From: Yonghong Song <yonghong.song@linux.dev>
In-Reply-To: <CAP01T75JUvKUJH4OKDOSySQcK5xP0nFs48FbW_dqMzeo9DhQOw@mail.gmail.com>
Content-Type: text/plain; charset=UTF-8; format=flowed
Content-Transfer-Encoding: 8bit
X-Migadu-Flow: FLOW_OUT


On 10/1/24 7:16 PM, Kumar Kartikeya Dwivedi wrote:
> On Wed, 2 Oct 2024 at 03:26, Alexei Starovoitov
> <alexei.starovoitov@gmail.com> wrote:
>> On Tue, Oct 1, 2024 at 5:23 PM Kumar Kartikeya Dwivedi <memxor@gmail.com> wrote:
>>> Makes sense, though will we have cases where hierarchical scheduling
>>> attaches the same prog at different points of the hierarchy?
>> I'm not sure anyone was asking for such a use case.
> I wondered because why would you then need a limit of 4 (say instead
> of disallowing it)?
>
>>> Then the
>>> limit of 4 may not be enough (e.g. say with cgroup nested levels > 4).
>> Well, 4 was the number from TJ.
>>
> Ok, then let's assume 4 would be enough.
>
>> Anyway the proposed pseudo code:
>>
>> __bpf_prog_enter_recur_limited()
>> {
>>    cnt = this_cpu_inc_return(*(prog->active));
>>    if (cnt > 4) {
>>       inc_miss
>>       return 0;
>>    }
>>   // pass cnt into bpf prog somehow, like %rdx ?
>>   // or re-read prog->active from prog
>> }
>>
>>
>> then in the prologue emit:
>>
>> push rbp
>> mov rbp, rsp
>> if %rdx == 1
>>     // main prog is called for the first time
>>     mov rsp, pcpu_priv_stack_top

This sounds good in high level. I still need to figure out
'if %rdx == 1' part and how to implement this.

>> else
>>     // 2+nd time main prog is called or 1+ time subprog
>>    sub rsp, stack_size
>>    if rsp < pcpu_priv_stack_bottom
>>      goto exit  // stack is too small, exit
>> fi
> I think we need just the second part for subprogs, right?
> Since rdx is R3 (arg into subprog).
> I guess that's what you meant in the pseudocode.
> But otherwise sounds good.
> The benefit with stack probing is we don't exactly limit to 4 cases.
>
> Another option instead of the branch in main prog is to divide in 4
> slots (as you said before) and choose the slot based on cnt.
> But then we're stuck with a max limit of 4. Since we're allocating
> stack size of bpf + extra (which I guess is 8K?). rdx can be used to
> pass in the priv_stack address of the right slot.
>
> So I think the probing version seems better. We can probably pass in
> rdx = priv_stack and then test and cmov instead for main prog.

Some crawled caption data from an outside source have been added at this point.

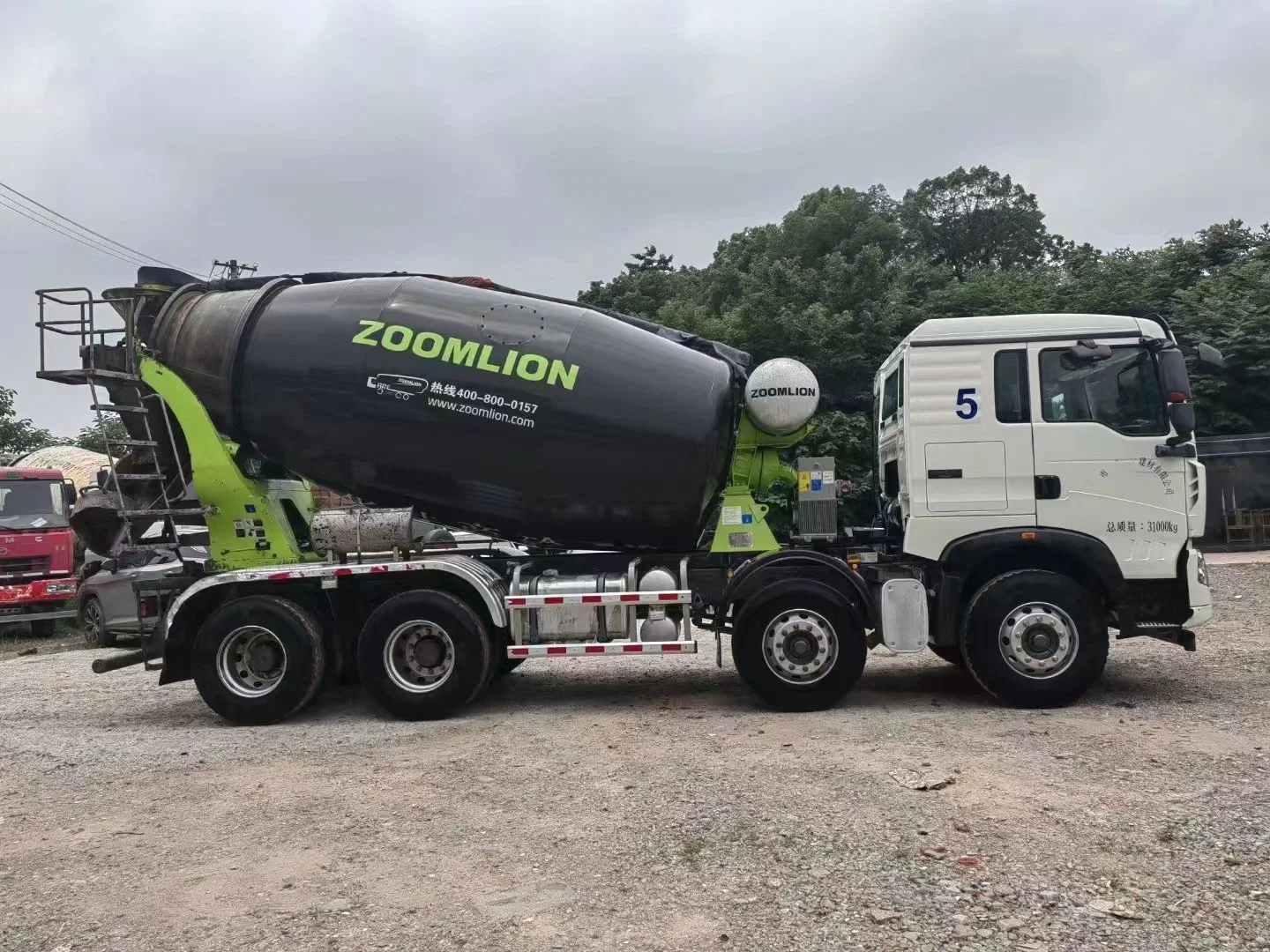 2020 Zoomlion 12cbm máquina mezcladora de hormigón planta mezcladora de hormigón HOWO Equipo de construcción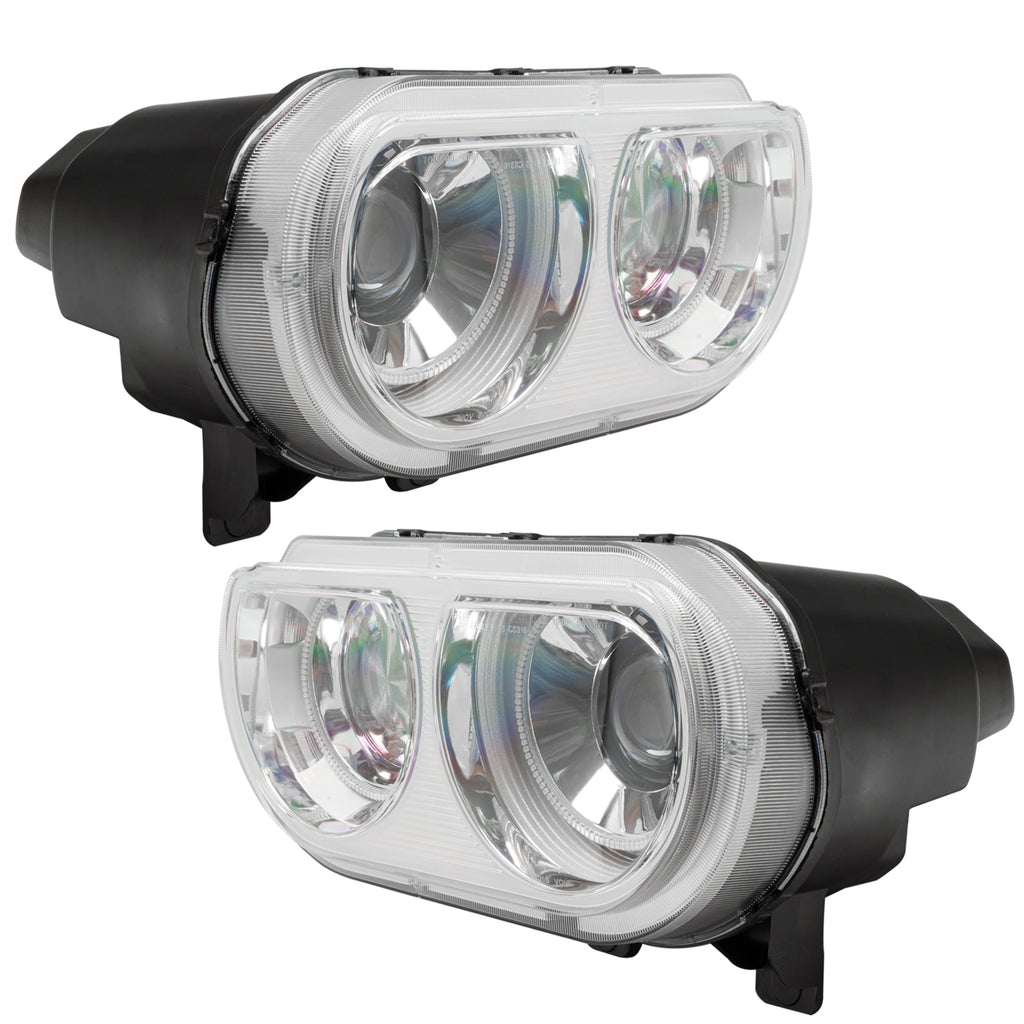 Smd-Pre-Assembled-Headlights,-Hid-Style,-Blue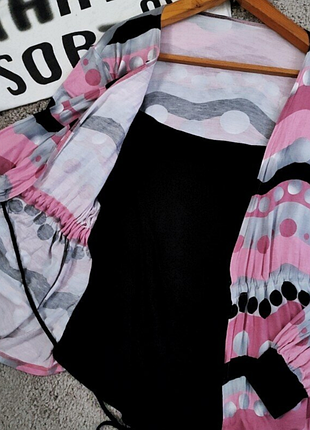 Стрейчевая кофточка реглан обманка 2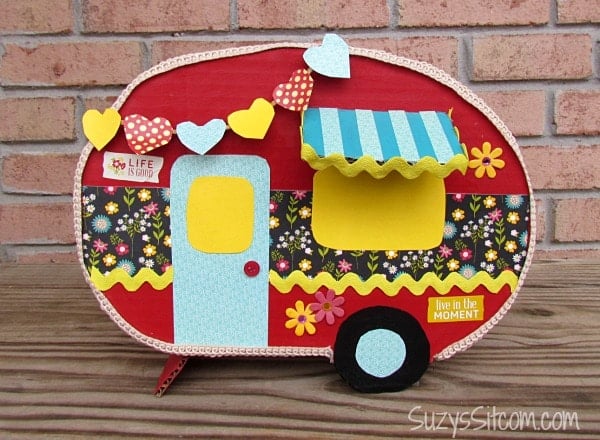 trailer valentines day card box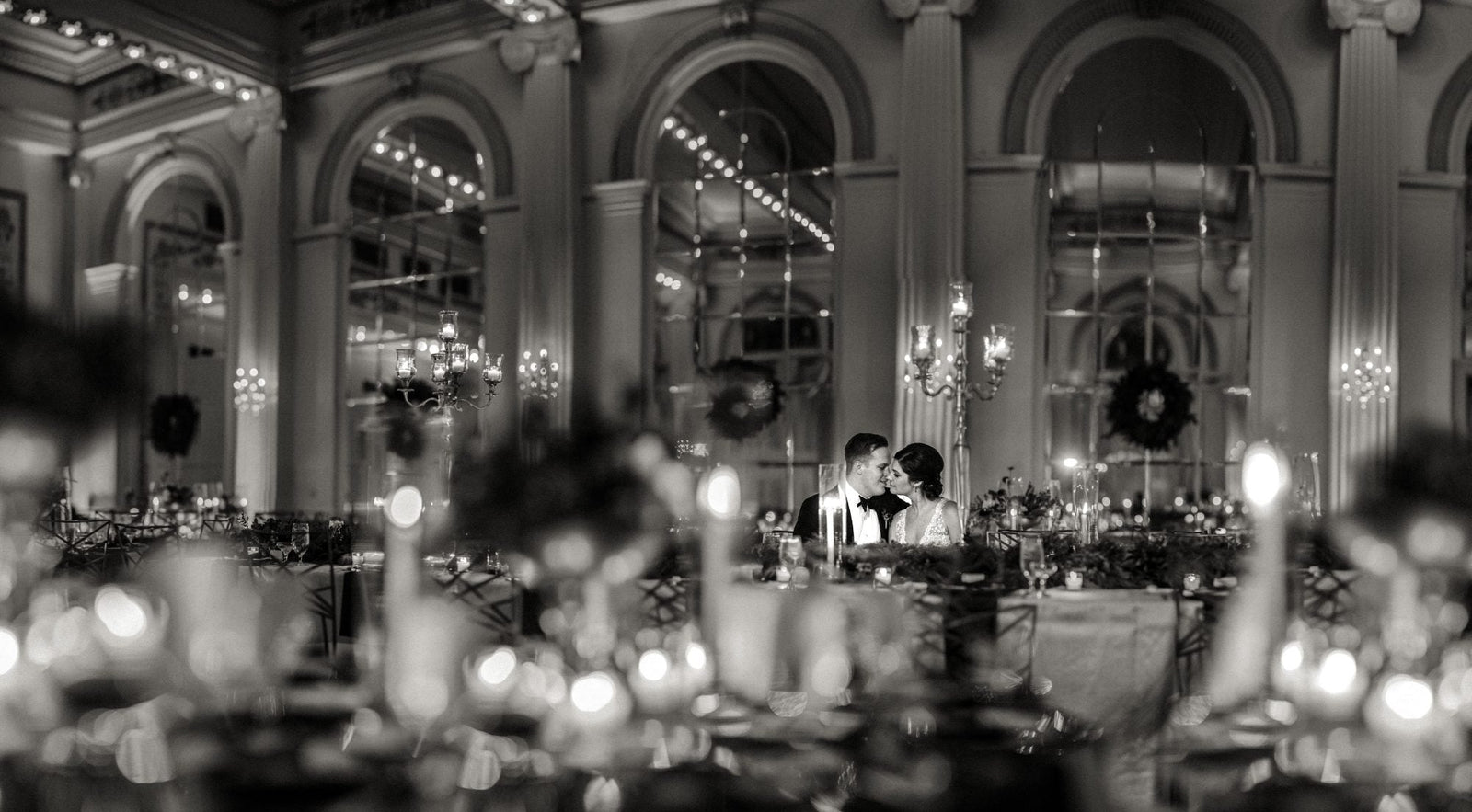 Missy Bruggeman and Ethan Nordberg's Festive Holiday Wedding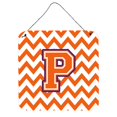 thumbnail image 1 of "Treasures Chevron Orange and Regalia Letter P Wall or Door Hanging Prints CJ1062-PDS66, 6"" H x 6"" W" Caroline's Treasures CJ1062-PDS66, 1 of 1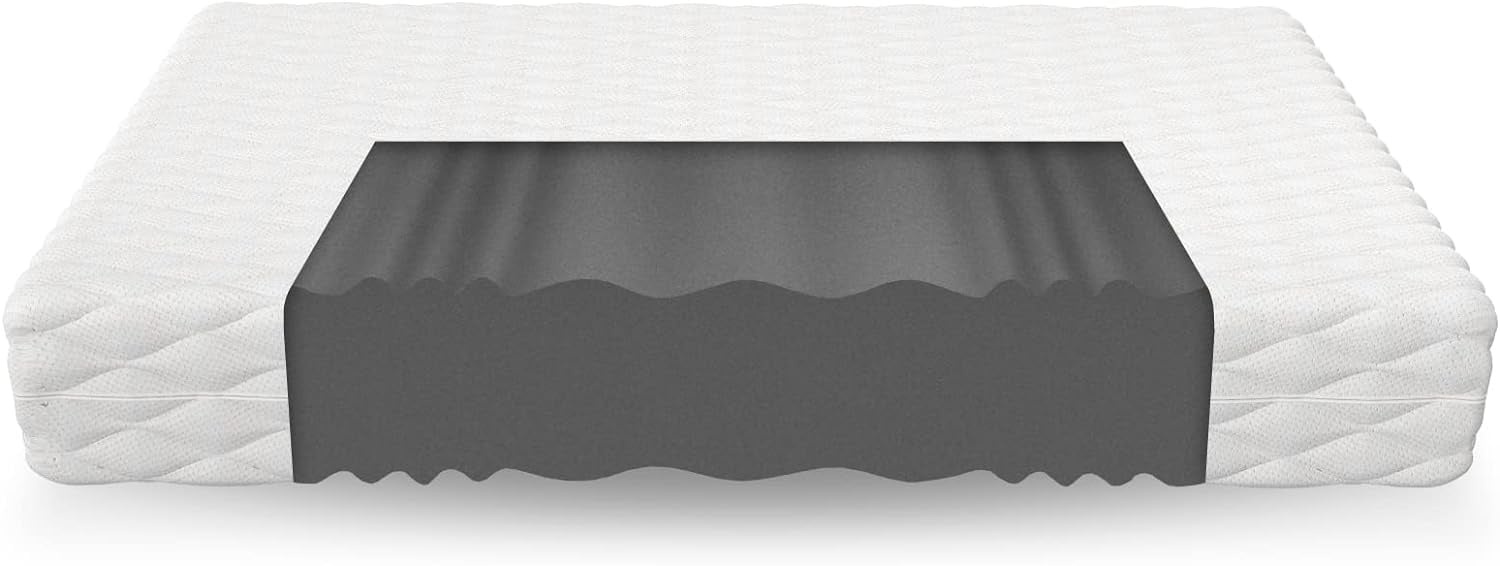 Matras HR schuim 120x200cm H3 Wit 15cm dik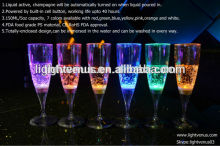 plastic luminescent led flashing drinking glass or cups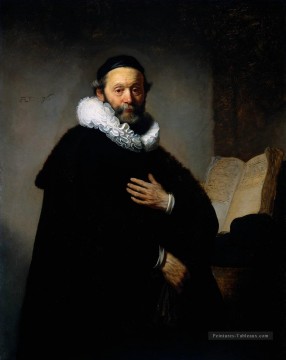 Portrait de Johannes Wtenbogaert Rembrandt Peinture à l'huile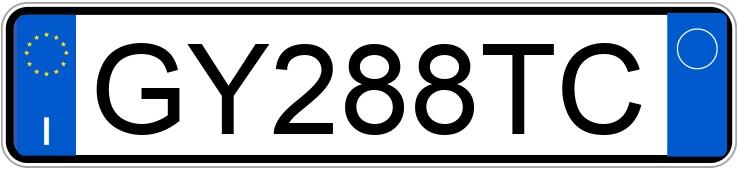 Pirat drogowy w pojeździe o numerach rejestracyjnych GY288TC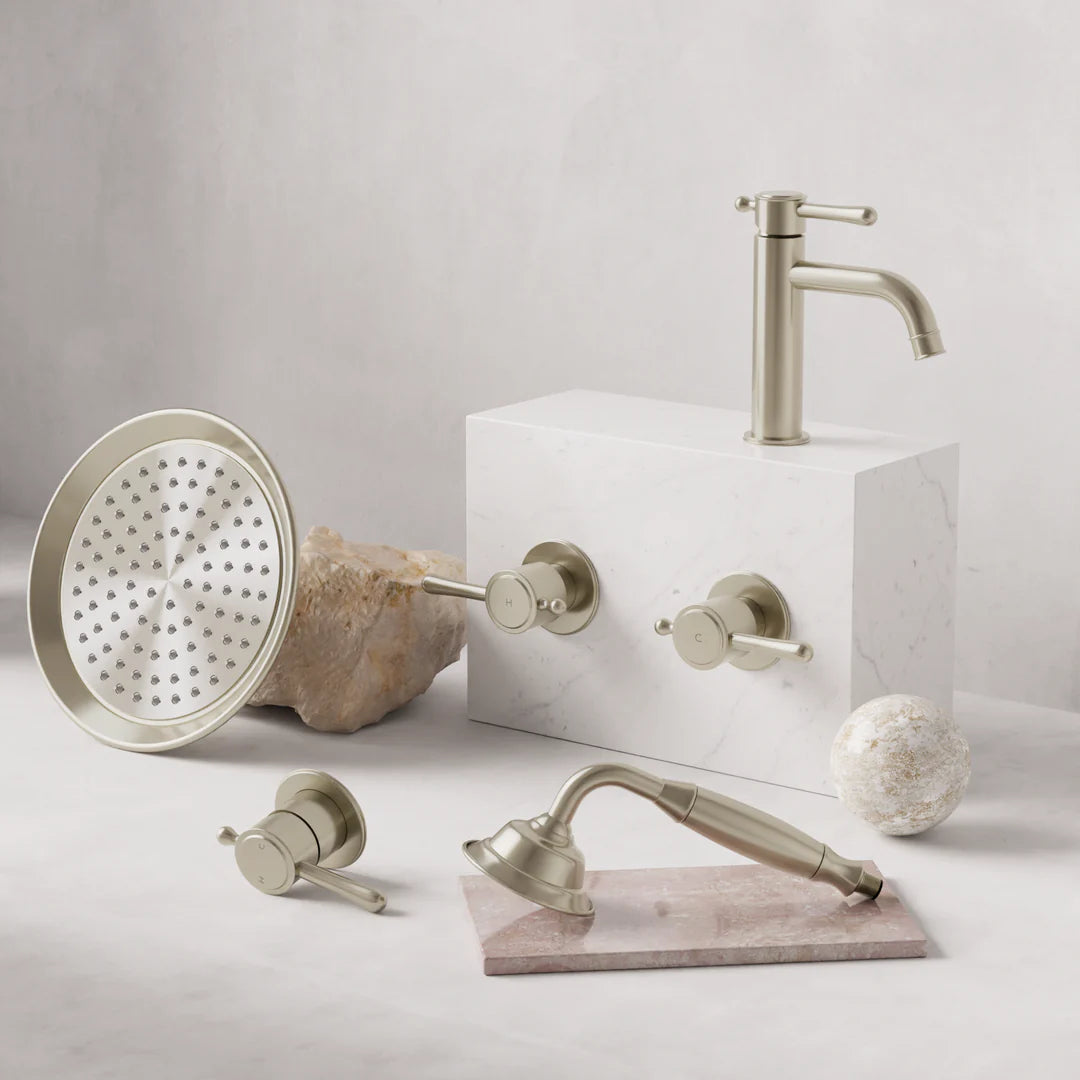 Meir Harrington Shower Rose 200mm Brushed Nickel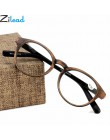 Zilead Retro owalne imitacja drewna wzór okulary do czytania dla kobiet i mężczyzn żywica HD okulary do czytania nadwzroczność o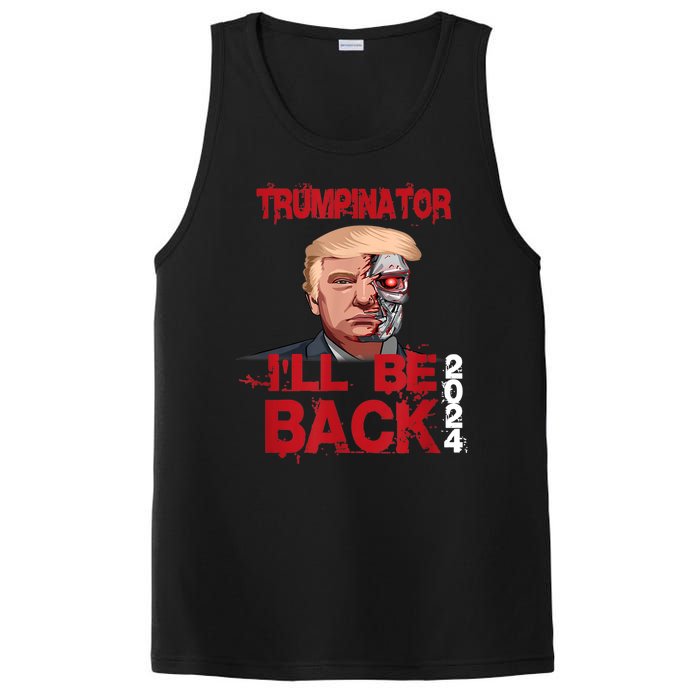 Trumpinator I'll Be Back 2024 PosiCharge Competitor Tank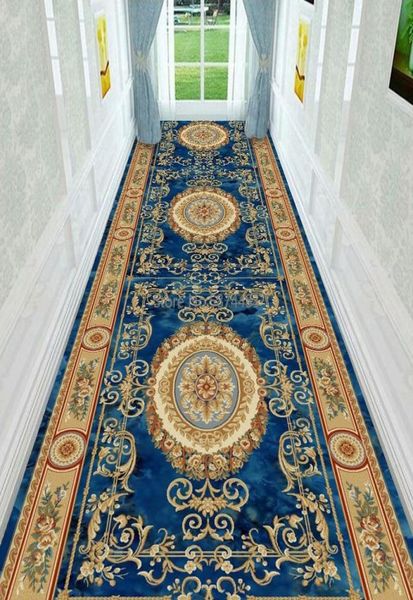 Europa Lange Flurteppiche und rutschfester Treppenteppich Home Floor Runners Teppiche Nachttisch el EntranceCorridorAisle Floor8253933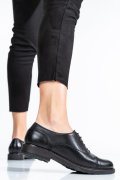 PANTOFI CASUAL DAMA PIELE NATURALA NEGRI 3730BIH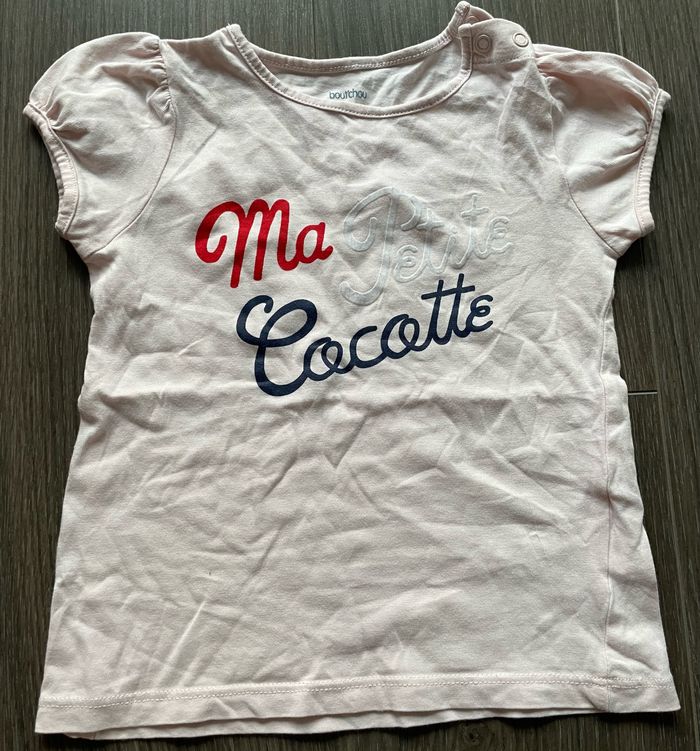 T-shirt Bout'chou rose clair 18 mois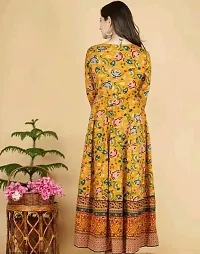 Stylish Multicoloured Rayon Printed Kurta For Women-thumb3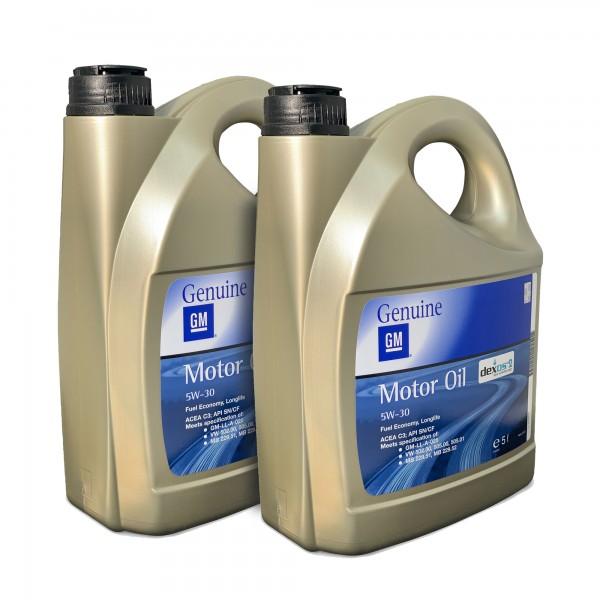 Pack 10 Litros Aceite de motor '5W-30 DEXOS2 LONGLIFE'' ORIGINAL OPEL 93165557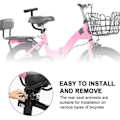 Miniatyrbillede 4 af 5: Cykel Bageste Armstöd Universal Baby Carrier Sikkerhedssæde til Voksne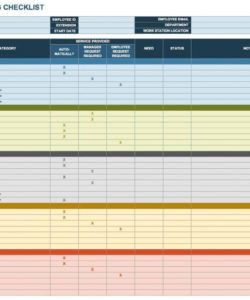 printable free onboarding checklists and templates  smartsheet new employee onboarding checklist template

Yes, we do not need to limit to 4, checking rsp < pcpu_priv_stack_bottom
should be okay.

>
>> Since stack bottom/top are known at JIT time we can
>> generate reliable stack overflow checks.
>> Much better than guard pages and -fstack-protector.
>> The prog can alloc percpu
>> (stack size of main prog + subprogs + extra) * 4
> extra will be 8K, I guess (same as kernel stack size)?
> Just confirming.
>
>> and it likely will be enough.
>> If not, the stack protection will gently exit the prog
>> when the stack is too deep.
> I like this stack probing version, since there's no hard limit on the
> number of recursions, and it's safe against stack overflow as well.
>
>> kfunc won't have such a check, so we need a buffer zone.
>> Can have a guard page too, but feels like overkill.
> I was leaning toward saying yes for a guard page, since we'll atleast
> have a hard error instead of random corruption if the kfunc goes
> beyond the bottom after probing succeeds.
>
> But the better way might be doing if rsp < pcpu_priv_stack_bottom +
> 8K, so we leave max headroom we reserve for kernel stuff (or say add
> 4K instead, which should be good enough), and then skip execution.